Americans pessimistic about the future health of the environment, survey finds
85 percent of respondents said global warming 'probably been happening' but only 38 percent 'extremely or very sure about it'
Most Americans are pessimistic about the state of the environment and want action taken to improve its health, according to a new national survey conducted by Stanford University's Woods Institute for the Environment.
Fifty-five percent of Americans surveyed said they expect the world's natural environment to be in worse shape in 10 years than it is now, and an additional 5 percent said the environment is currently in "poor" or "very poor" shape and will not improve, according to the survey.
"We refer to this group of 60 percent of Americans as 'pessimists,'" said Jon A. Krosnick, the Frederic O. Glover Professor of Humanities and Social Sciences at Stanford. This group closely resembles the overall American public in terms of gender, race, education and whether they live in an urban, suburban or rural setting, Krosnick added. When it comes to party affiliation, 67 percent of Democrats are pessimistic compared to 48 percent of Republicans. However, even a majority of Republicans share discontent about the health of the environment and human stewardship of it, researchers found.
The Stanford survey was done in collaboration with ABC News and Time magazine. Krosnick and ABC's Gary Langer designed the survey, which was conducted by telephone March 9-14 among a random national sample of 1,002 adults. The results have a margin of error of plus or minus 3 percentage points.
A striking 86 percent of those surveyed want President Bush, Congress, American businesses and/or the American public to do "a great deal" or "a lot" to improve the health of the environment during the next year. This call to action is bipartisan, with 94 percent of Democrats and 76 percent of Republicans urging environmental improvements. The proportion of people wanting a great deal or a lot of effort did not vary according to gender, age, race, education or residence in an urban, suburban or rural place.
Only 21 percent of Americans approve of the way President Bush is handling environmental issues, while 53 percent disapprove and 25 percent neither approve nor disapprove. As expected, approval is much lower—a mere 5 percent—among Democrats, while 47 percent of Republicans approve of the president's performance. Approval of Congress and U.S. businesses is no higher—15 percent and 21 percent, respectively. Overall blame for poor and declining environmental conditions is frequently placed on American businesses and to a lesser degree on President Bush's policies, according to the survey.
On the issue of climate change, 85 percent of respondents said that global warming "has probably been happening," but only 38 percent are "extremely or very sure about it." When asked how important the issue of global warming is to them personally, 49 percent said "extremely" or "very," 32 percent said "somewhat," and 18 percent responded "not too" or "not at all."
A majority of respondents said the government should require auto manufacturers to build more fuel-efficient cars (45 percent) or encourage them with tax incentives (40 percent). Sixty-one percent said that government should require power plants to reduce greenhouse gas emissions, while 21 percent favored industry tax incentives.

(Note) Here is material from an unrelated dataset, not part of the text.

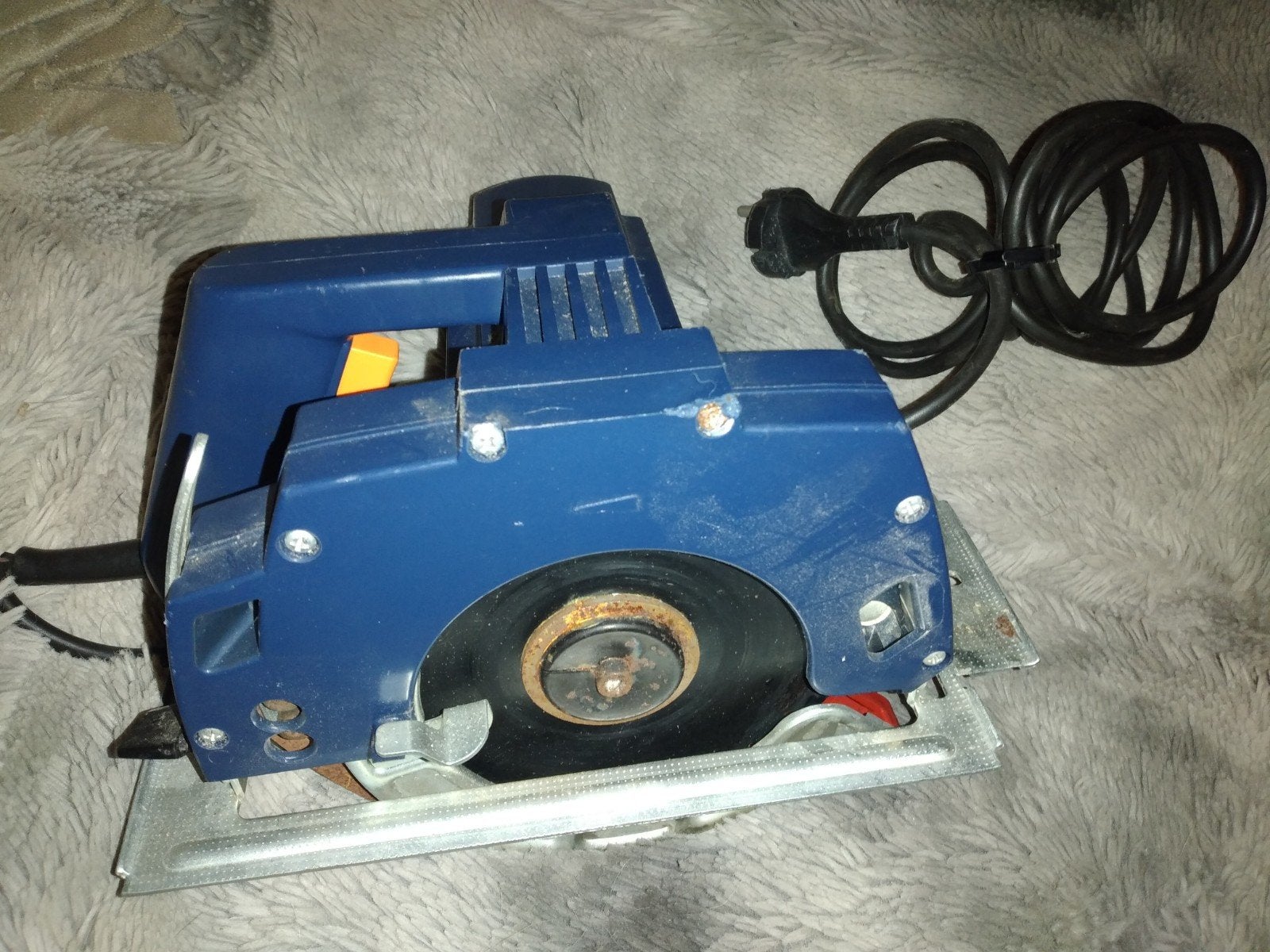 Gebruikte Cirkelzaag 800W - Defect Snoer, Doe-het-zelf en Verbouw, Gereedschap | Zaagmachines, Gebruikt, Cirkelzaag, Onbekend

Pessimism about the health of the natural environment is strongly related to beliefs about global warming, the survey found. Among the 69 percent of Americans who are at least somewhat sure that global warming has been happening and believe that it will have at least somewhat serious effects if unchecked, 70 percent are pessimistic about the environment in general. Among the 31 percent of Americans who are skeptical about the existence or damaging effects of global warming, only 37 percent are environmental pessimists.
"This survey is modeled after the national surveys measuring Americans' perceptions of the national economy, which yield the well-known national economic indicators," said Krosnick, a professor of communication, political science and, by courtesy, psychology. "It will give us an annual basis by which to track overall perceptions about the future of the environment, as well as attitudes about specific issues such as global climate change."
The survey is the first installment in what will become the Woods Institute's annual "America's Report Card on the Environment." A second survey, to be administered this fall, will look at a number of more specific environmental challenges and solutions.
The Woods Institute serves as the interdisciplinary hub for Stanford's campuswide Initiative for Environmental Sustainability. The institute co-directors are Jeffrey Koseff, professor of civil and environmental engineering, and Barton "Buzz" Thompson Jr., the Robert E. Paradise Professor of Natural Resources Law. More than 250 members of the Stanford faculty are involved in research, teaching and leadership around environmental issues.